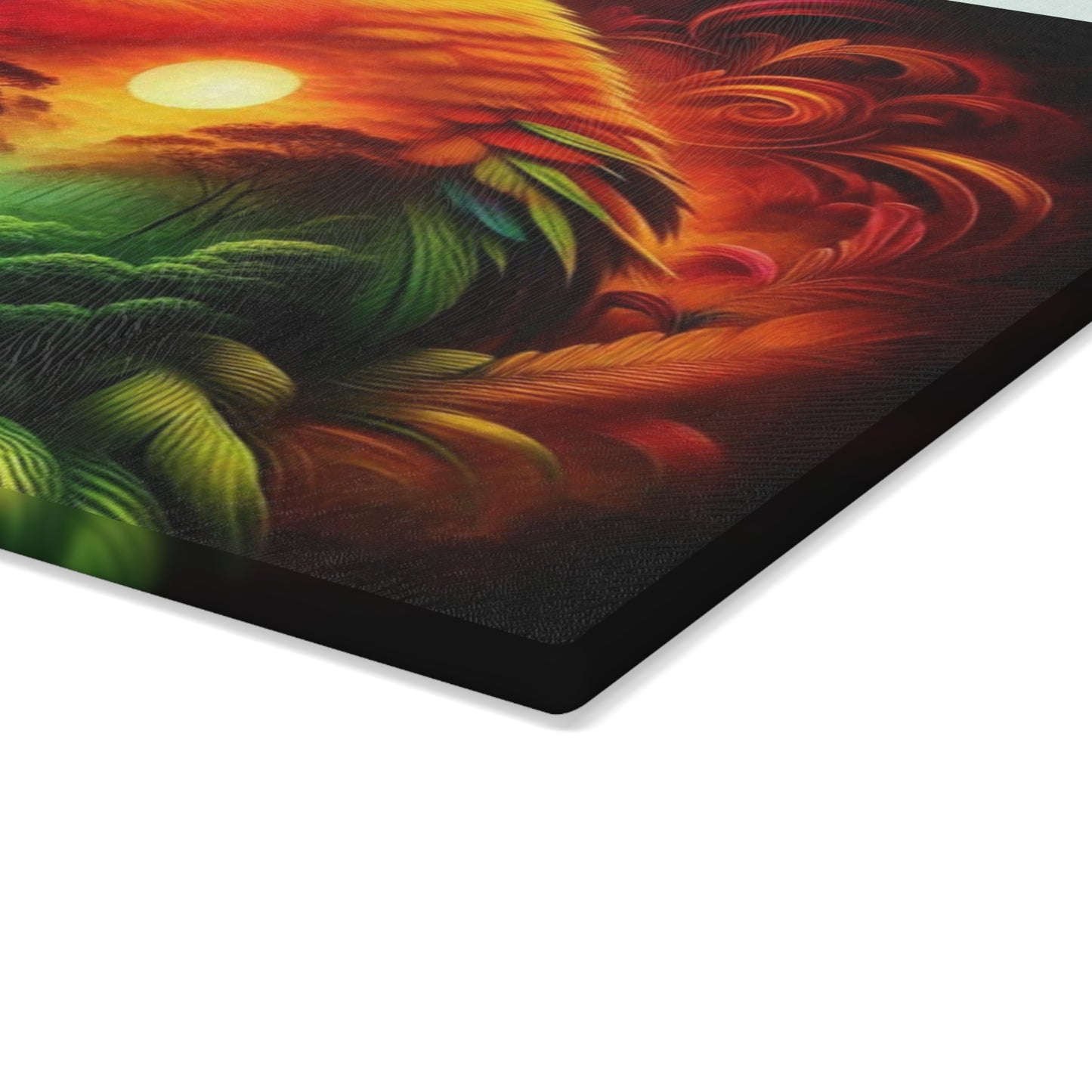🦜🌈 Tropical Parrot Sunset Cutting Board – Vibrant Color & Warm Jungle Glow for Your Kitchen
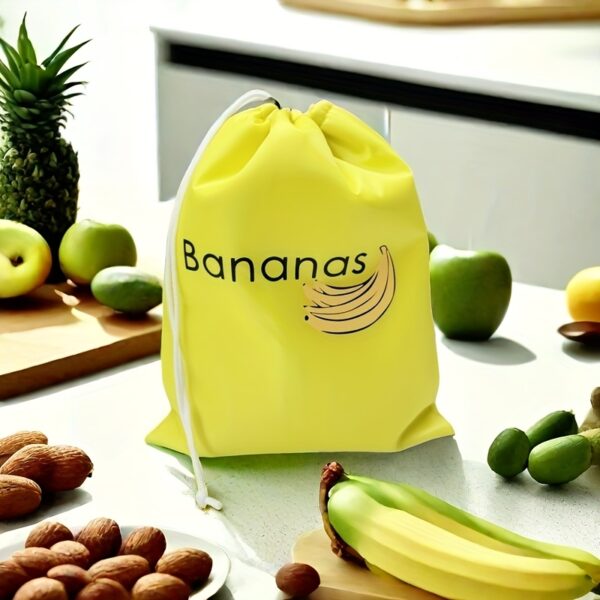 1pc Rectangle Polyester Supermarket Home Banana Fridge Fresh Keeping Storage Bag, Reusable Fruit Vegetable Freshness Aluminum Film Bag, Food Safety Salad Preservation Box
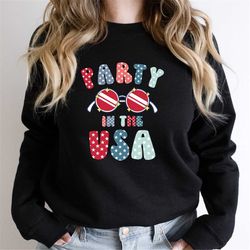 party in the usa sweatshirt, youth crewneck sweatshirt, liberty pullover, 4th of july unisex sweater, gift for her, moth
+---+
### PROBLEM TO SOLVE
Copy out exactly, without any pictures, the lines above that begin at the one with "1pc Rectangle Polyester" and end at the last line of the listing.

### ANSWER SECTION
 1pc Rectangle Polyester Supermarket Home Banana Fridge Fresh Keeping Storage Bag, Reusable Fruit Vegetable Freshness Aluminum Film Bag, Food Safety Salad Preservation Box
 party in the usa sweatshirt, youth crewneck sweatshirt, liberty pullover, 4th of july unisex sweater, gift for her, moth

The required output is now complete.